Wood structure resembles a bundle of soda straws surrounded by a rather impermeable sheath (bark). Most drying takes place through the ends as moisture moves from center to end, and very little escapes through the bark. The shorter the piece, the faster it dries, so the secret to drying wood is to cut it into stove/furnace lengths as soon as possible after tree felling. If you buy tree-length wood, it does not begin drying until you buck it and in fact, will begin to deteriorate and lose some of its BTU value. So bucking wood as soon as possible is best.
The more water in the wood, the more wood must be burned to evaporate the water. Ten cords of green wood may produce four cords worth of steam and creosote up the chimney and six cords of heat. The drier the wood, the more efficient the burn.
With free solar energy available, it is worthwhile to dry wood for a year or two. If you cut your own wood, think how much cutting, splitting, hauling, and stoking you can eliminate.
Air-dried wood will likely reach equilibrium moisture content with the atmosphere at around 15 percent, unless you live in the desert. So if you reach 15 percent, that’s about as good as it’s going to get. Kiln-dried firewood might be lower than 15 percent but will gradually add atmospheric moisture until it reaches the equilibrium point. So stop making steam, avoid having to clean creosote from a wood stove as often, and cut your wood consumption nearly in half.
My wood gasification furnace is very sensitive to firewood moisture content and 15 to 25% is optimum—no smoke from the chimney! To some extent, I can compensate for excess moisture by adjusting airflow to the firebox and gasification chamber and burn wood up to 30% moisture. But at 30 percent, efficiency goes down and steam exits the chimney. So I check the firewood moisture content with a moisture meter used for lumber, but it only measures the outer 1/4-inch. And firewood may be four or more inches thick.

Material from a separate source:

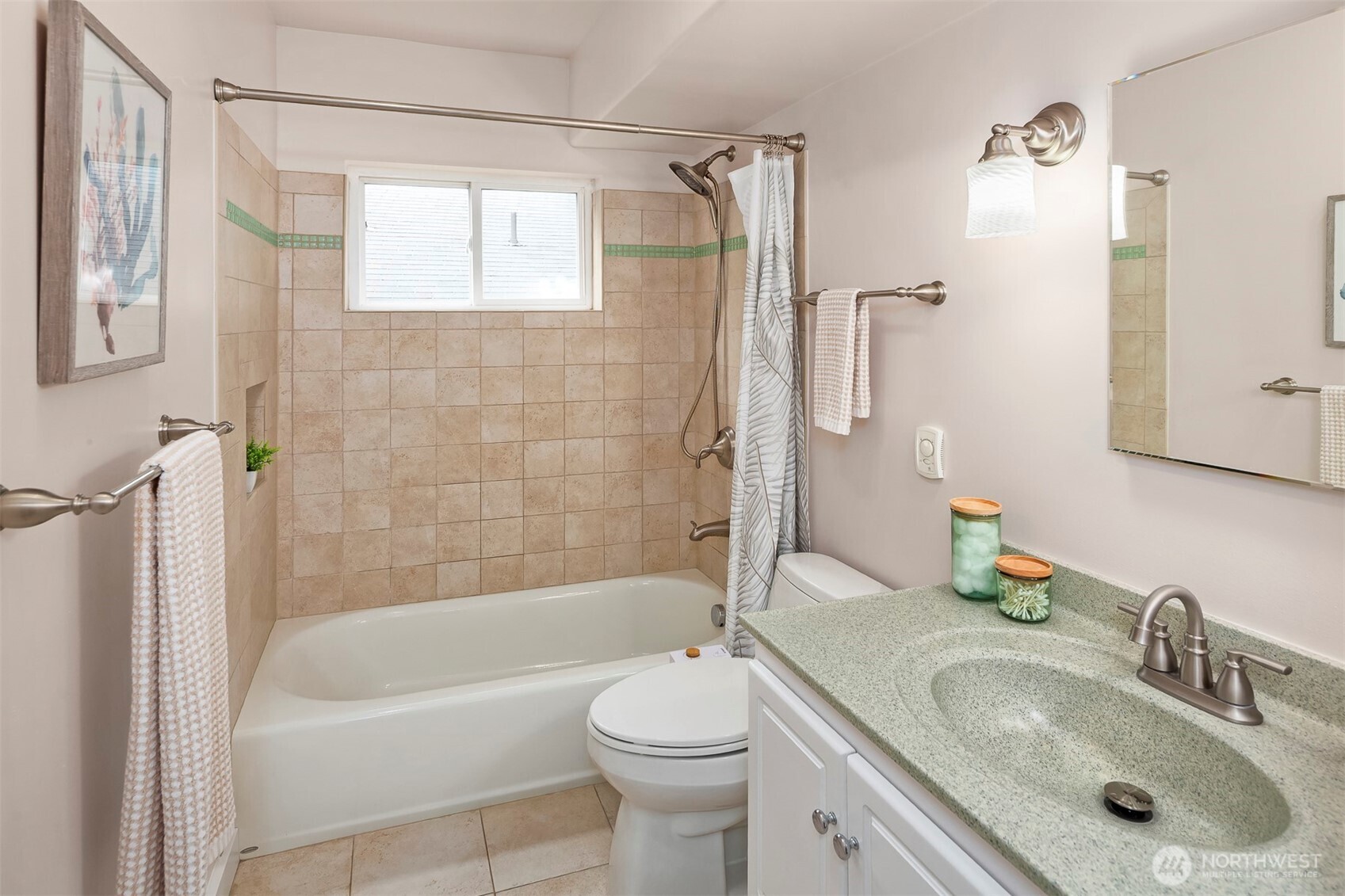 6939 Fauntleroy Way Southwest Seattle, WA 98136 - Photo 9 of 35 a bathroom with a sink a toilet and shower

For kicks, I measured the firewood moisture content in some dry, split wood. A four-inch piece measured 15% on the outer surface, but when split again, moisture in the middle was 27%. So I bought some 1-1/2 inch pins for my meter to get moisture readings inside the wood. You can’t drive pins that deep into hardwood, so I drilled a one-inch diameter hole, and checked the firewood moisture content about 1-1/2 inches deep. Surprise! The outside moisture reading was 15%; the inside was more than 30%.

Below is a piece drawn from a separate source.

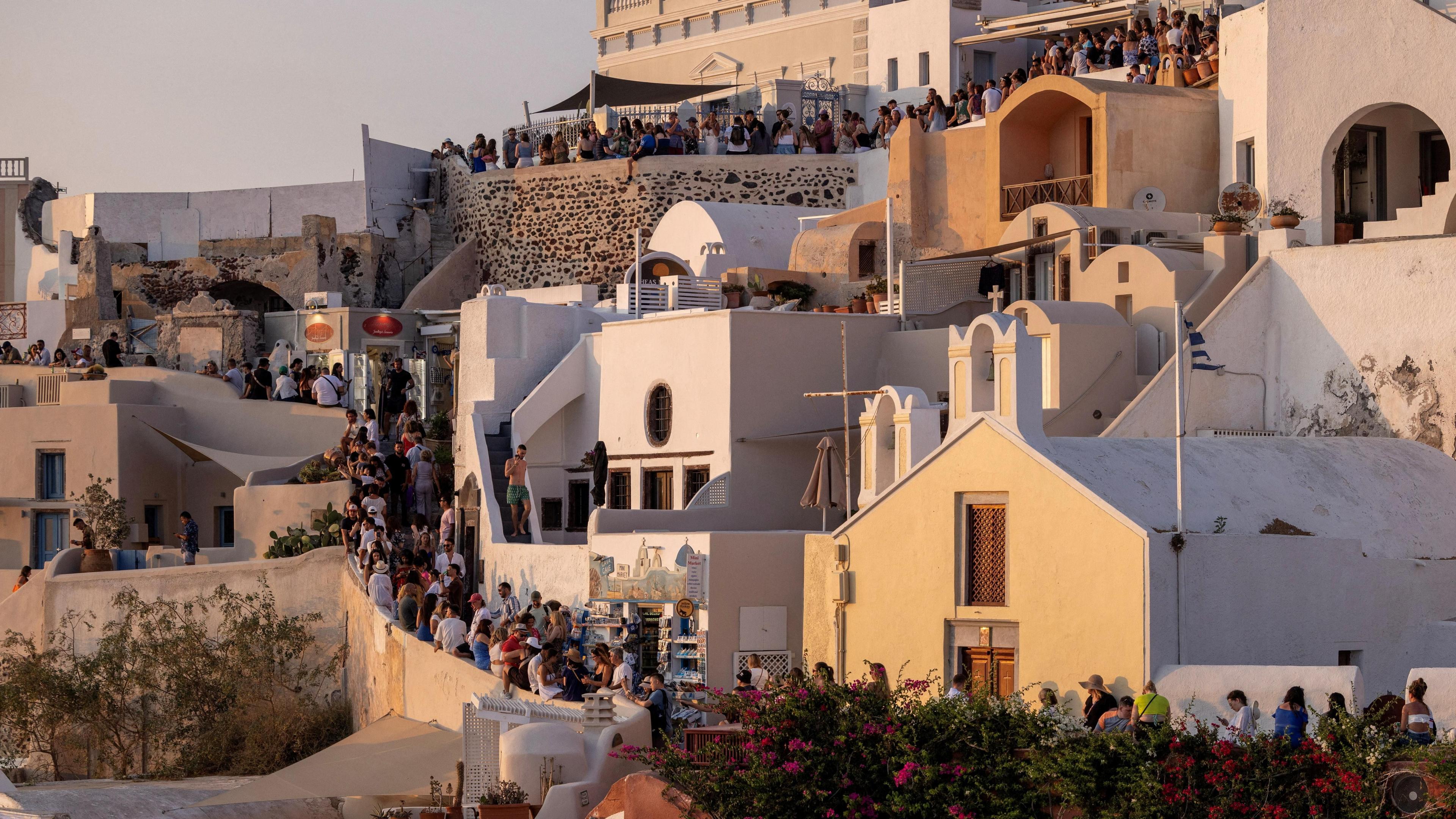 A series of white buildings turn orange as the sunsets on Santorini. Long lines of people can be seen walking to the top of a stair case. Pink bougainvillea is in the foreground.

Wood can be used in stoves, furnaces, outdoor wood boilers, and biomass boilers. Of the four, biomass boilers are the most efficient, ranging from 70 to 90%, depending on dryness of the fuel. They burn wood in a firebox, then burn the smoke and gasses in a ceramic combustion chamber at 1,800 degrees F to 2,000 degrees F. If wood is properly dried, there is no smoke from the chimney; if not, steam exhausts from the chimney. Some very efficient wood stoves and furnaces on the market will give 60 percent or more efficiency if fueling is done properly.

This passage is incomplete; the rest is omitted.